As you organize, anything you pick up will fall into one of two categories: 1) you need it; or 2) you don't. You toss the junk and organize the treasure. The only problem is that in those early days in a new job, it's hard to tell which is which. As a result, too many people hang onto it all and wonder why they can never find anything amid the clutter.
I held 5 different positions during my career in education, and in each case found myself asking questions about material I would run across. Time tends to answer those questions. The manual about which we have no clue today turns into the manual we will be looking for a week from now. We come across a box of keys and nobody has any idea what locks they fit. A month later, we encounter that locked storage room for which there seems to be no key, and find a match in that box of orphaned keys.
My answer to sorting out the mystery was to establish a "bulk" area in my office. It was the one area where I could toss any questionable item until a better decision could be may about whether to keep it or trash it, and if the answer was "keep it," exactly where to put it. The decisions are small ones, but they are decisions which must be made. As a principal, I had a large storage closet in my office. One shelf was designated as the "bulk" shelf. Those large items whose purpose was unknown went there. As a central office administrator, one cabinet in a built-in bookshelf served the purpose of holding those bulk items.
On my repeating task list, I added an item which simply said "Check Bulk," and set it to repeat every week. Seeing that task on the list was my trigger to examine that special shelf or cabinet. With each passing week, I gained a better understanding of what was trash and what was treasure. Each week, the "bulk" area grew smaller as some items were discarded and others were organized in their proper places.
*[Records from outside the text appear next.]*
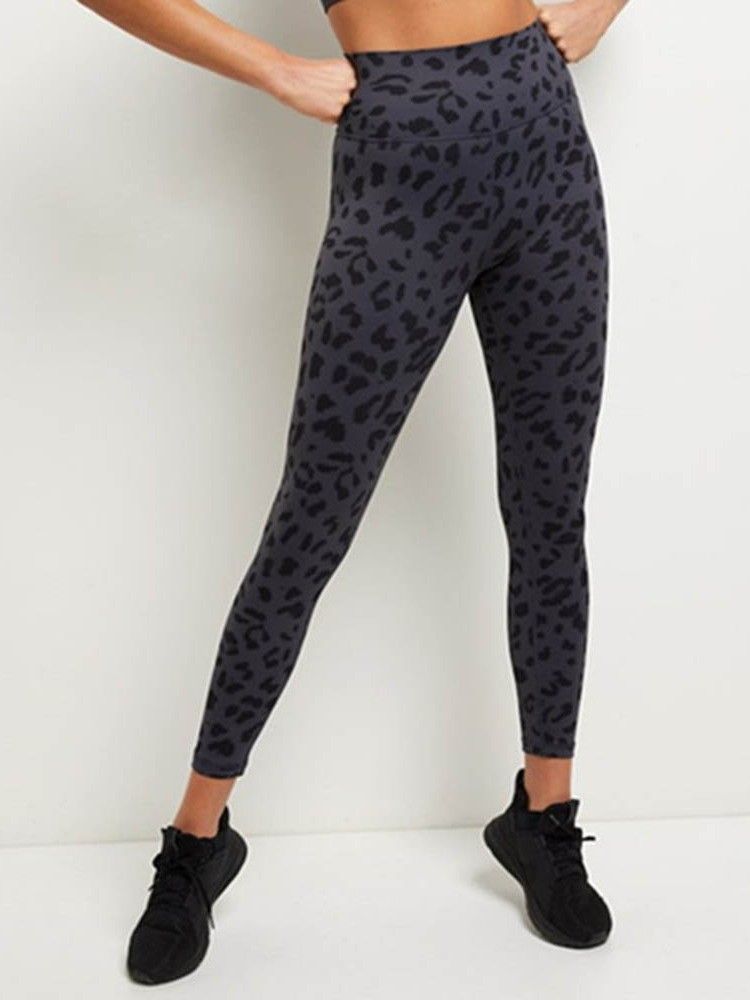 Leopard Bomullsblandinger Hurtigtørrende Sommertennisbukser Yogabukser Tiktok Leggings Med Høy Midje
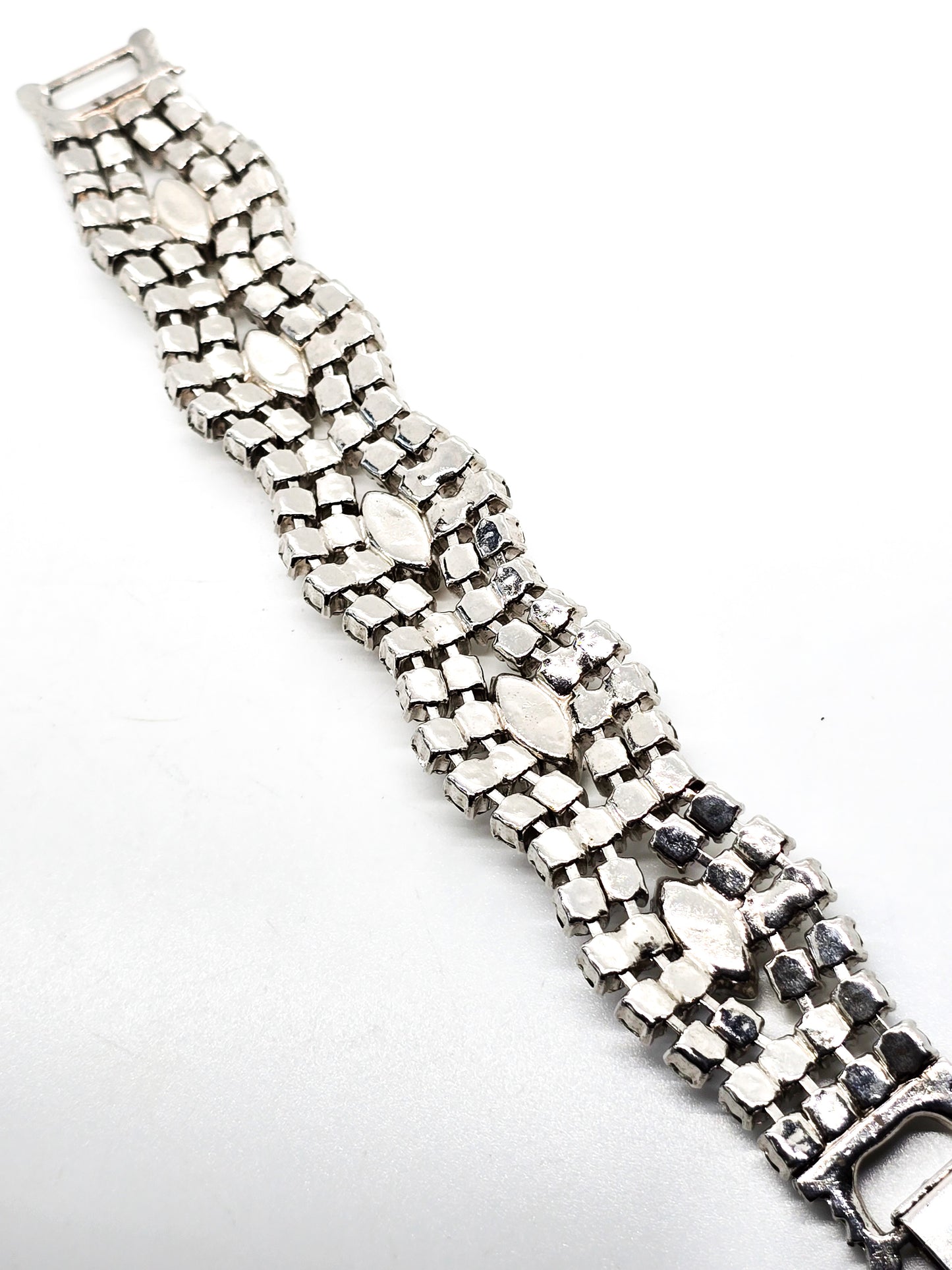 Rhinestone cuff vintage thick clear marquis rhinestone mid century bracelet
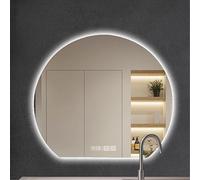 Moderno espejo de baño semicircular con luz LED antivaho, indicador de tiempo y temperatura, elegante diseño montado en la pared para baños contemporáneos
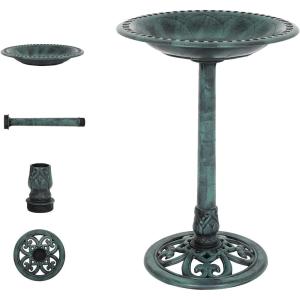 imageVINGLI Pedestal Bird Bath 28 Inch Antique Copper Resin Birdbaths Weather Resistant Floral Accents and Vintage Finish Garden Decor for Outdoor Lightweight CourtyardGreenNormal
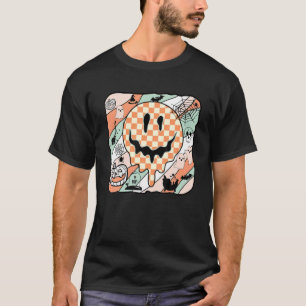 Spooky Happy Face Funny Halloween Retro Ghost Holi T-Shirt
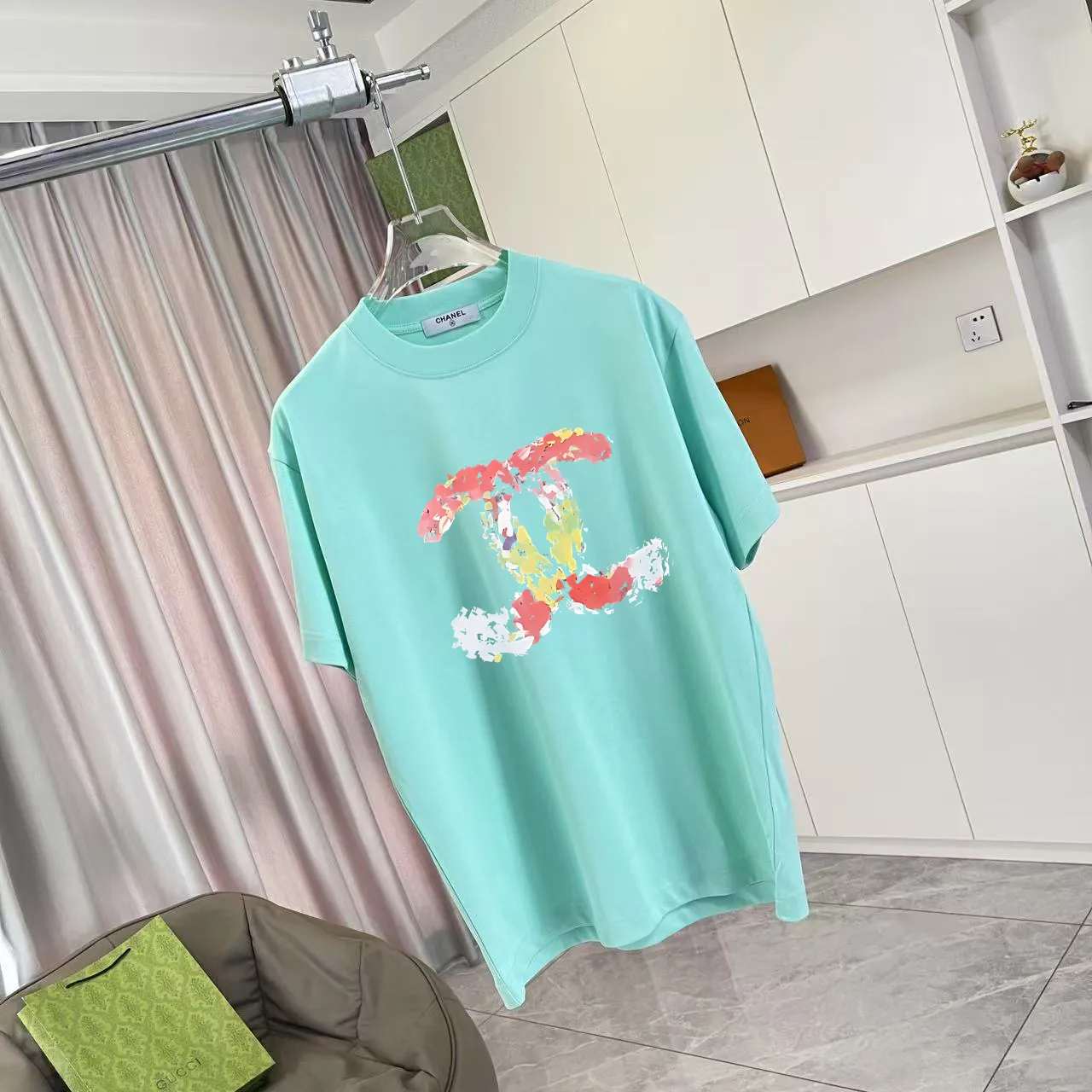 🅿️170 Chanel CHANEL2025 summer new style Double C letter logo printing short-sleeved T-shirt Customized fabric 300g Same style for men and women Size: S M L XL XXL five codes Color: black white pink lake green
Do you really want boxes sitting in a corner of your office?
The day the bulk area was totally clear was a major step forward. It was a sign that there was "a place for everything and everything in its place," as Benjamin Franklin said. It was also a sign that the junk was gone and not taking up valuable real estate in an office or classroom.
Once the clutter is gone, that bulk area takes on a new and useful purpose: A microscope needs repair and you plan to deliver it to the proper person on Friday. Where do you put it from now until that time? You have a box of books to donate to charity and plan to take them on Tuesday of next week. What happens to that box of books until then? A new box of books arrives. What do you do with it until the books are distributed to the proper place?
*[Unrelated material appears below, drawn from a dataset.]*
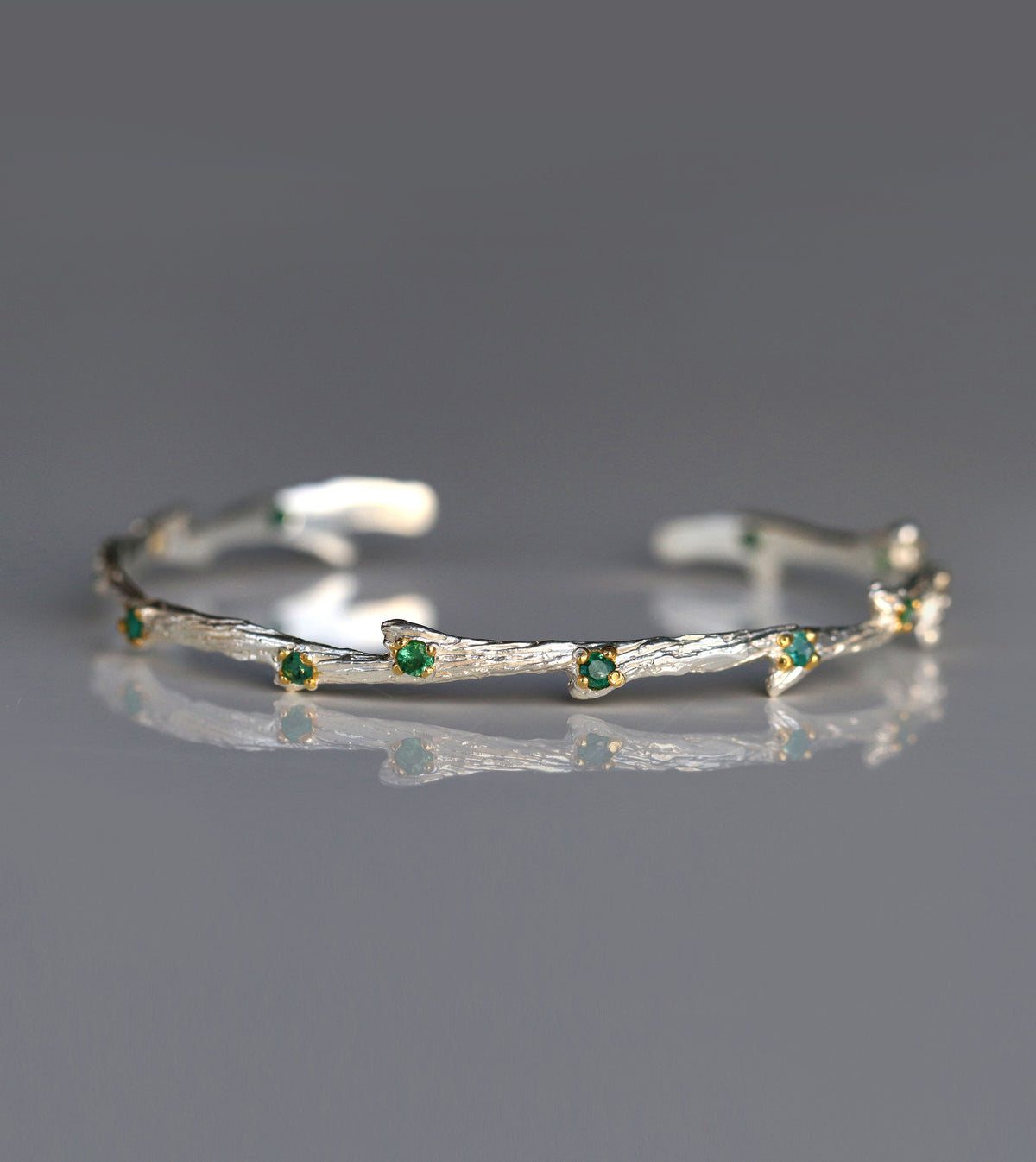 925 Sterling Silver Emerald Cuff Bracelet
For each of these examples, a designated spot for bulk items needing some type of attention provides an answer. To make this bulk holding area work, two factors must be in place:
- The designated shelf or cabinet can only be used for bulk items needing some type of action. Do not let that spot also accommodate items which are to be stored there permanently. If used properly, that bulk storage spot will spend the majority of its time empty.
- Some trigger must be present which sends you to that bulk storage spot. Putting a reminder on the to-do list for the appropriate day to deliver the books, take the microscope for repair, delivery the books to charity, or unbox the newly-arrived set of books will prevent those bulk items from being forgotten.